Já o sabia: as árvores já mo tinham dito, e o vento, lembrado. Já o sabia antes pelo escorregar dolente do sangue nas estradas ansiosas do meu corpo, pelo roçar lasso e ronronante com que as palavras se deitavam no colo do poema, pela ânsia de imitar as árvores ficando como elas languidamente recolhido, mesmo face ao desejo: um torpor, um adormecimento, uma aceitação de placidez, uma preferência suave e leitosa pela criança em detrimento do ser amante fogoso... Vem, Outono, preciso das outras cores que tu trazes, e que me acalmam, me equilibram com o universo, dá-me o teu castanho claro, o teu amarelo torrado, o teu laranja de sol macio, dá-me a suavidade que se respira nas tardes breves, a moderação e a sapiência que dão a força às árvores para as tempestades do inverno, a maturação da uva que fica à espera da hora adequada para o vinho ser bebido em copos merecidos... Preciso da tua concha, Outono! Não é hibernação, não! É o ritual adequado ao ritmo d0 meu corpo humanamente grandioso, como se fosse ( e é ) divinamente consagrado... É o regresso anual às nascentes do ser, ao tempo da criatividade maior, em que mais novo sou, seja qual for a idade que tiver, tempo em que me aproximo do momento em que nasci, em que vou rever a minha estrela, encher-me da seiva do universo de onde vim, esperma de amor, baba de orvalho, carícias de átomos e de tudo o que é germinação latente no ventre da terra. Assim me fazes renascer, Outono, e me preparas para o inverno, para todos os Invernos, violentos, sim, mas belos, e eu fico munido então com as armas do amor pleno... Eduardo Aleixo
( In Prosas Poéticas )
13 comentários:
Toca, Vivaldi,
Enquanto me lembro,
Sem esforço em me lembrar,
Quantas vezes comecei a minha vida,
Olhando para o mar...
Um abraço
PM
Fiquei sem palavras de maravilhada!! Adorei a beleza da tua prosa poética...beijos.

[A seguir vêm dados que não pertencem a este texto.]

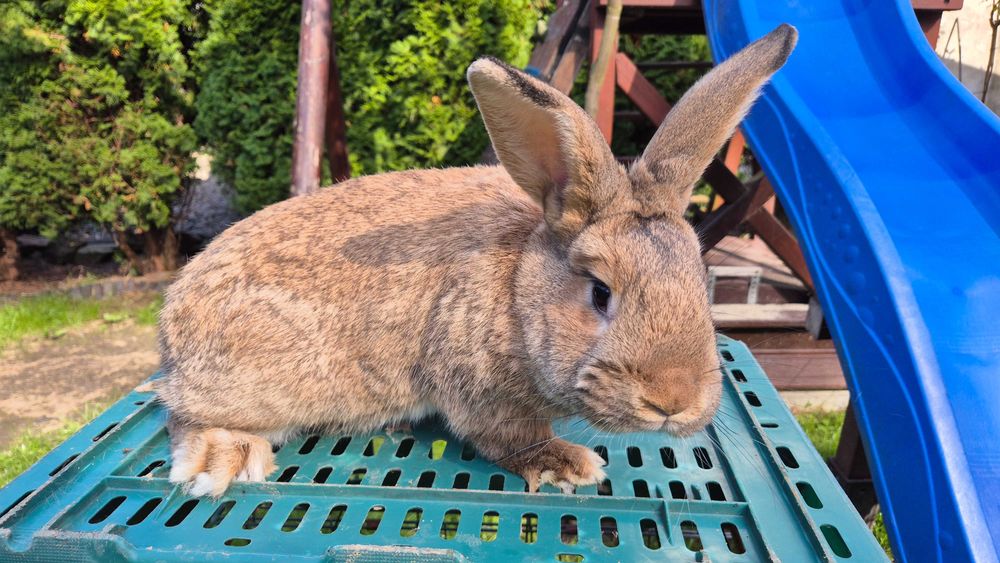 Królik SAMIEC - z 20.02.2025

só para ouvir vivaldi e as suas quatro estações... já é bom! mas chegou um outono quentinho, com cheirinho a praia!
beijinhos
Soube-me/fez-me tão bem ler esta prosa; este poema...
Bjs.
Laide
Laide
( Respondo aqui porque não tens blogue ):
- Quiça por seres escorpião tenhas sentido de modo especial: nasceste no mesmo dia que eu!
Bj
OUTONO-ME TB eu por aqui. nesta prosa tão "eduardina"...:)
abraço.
(piano)
... e que este Outono seja, de facto, a ponte para o Inverno.

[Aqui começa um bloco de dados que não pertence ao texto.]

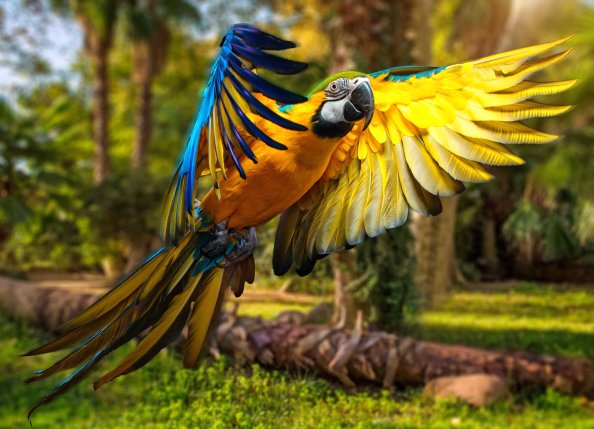 Macaw Parrot 5k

Texto bem sentido, de um recolhimento de alma... de quem sabe o que são travessias...
Uma boa noite para ti, meu amigo!
Lucy
Quanta beleza encerras dentro de ti quando tão real e poéticamente te entregas assim à natureza!
Majestoso, brilhante, terno...o Outono que li em ti...ouvindo Vivaldi! Belo momento, poeta!
Beijos
Outono para mim é a estação que embala o corpo em nostalgia, que faz escorrer lágrimas em tardes enubladas onde as folhas esvoaçam lentamente, humedecidas pala chuva miuda.
Um texto lindo, numa exposição bela da estação que faz essa ponte para o Inverno.
Lidas as quatro estações de Vivaldi
Bom resto de semana
bjito da gota
Obrigada por este momento lindíssimo com Vivaldi, com palavras de fascínio "Vem, Outono, preciso das outras cores que tu trazes, e que me acalmam, me equilibram com o universo", com imagens em tons de mel.
Um beijo.
Isabel: gostei da expressão: outono-me!
Já tinah lido e até achei que tinah deixado comentário. pelos vistos não, ou não ficou guardado!
O Outono merece estas tuas palavras. São tb. as minhas.
Beijinhos
Também sou filha do Outono.
Irrepreensivelmente bela esta tua prosa poética.Parabéns!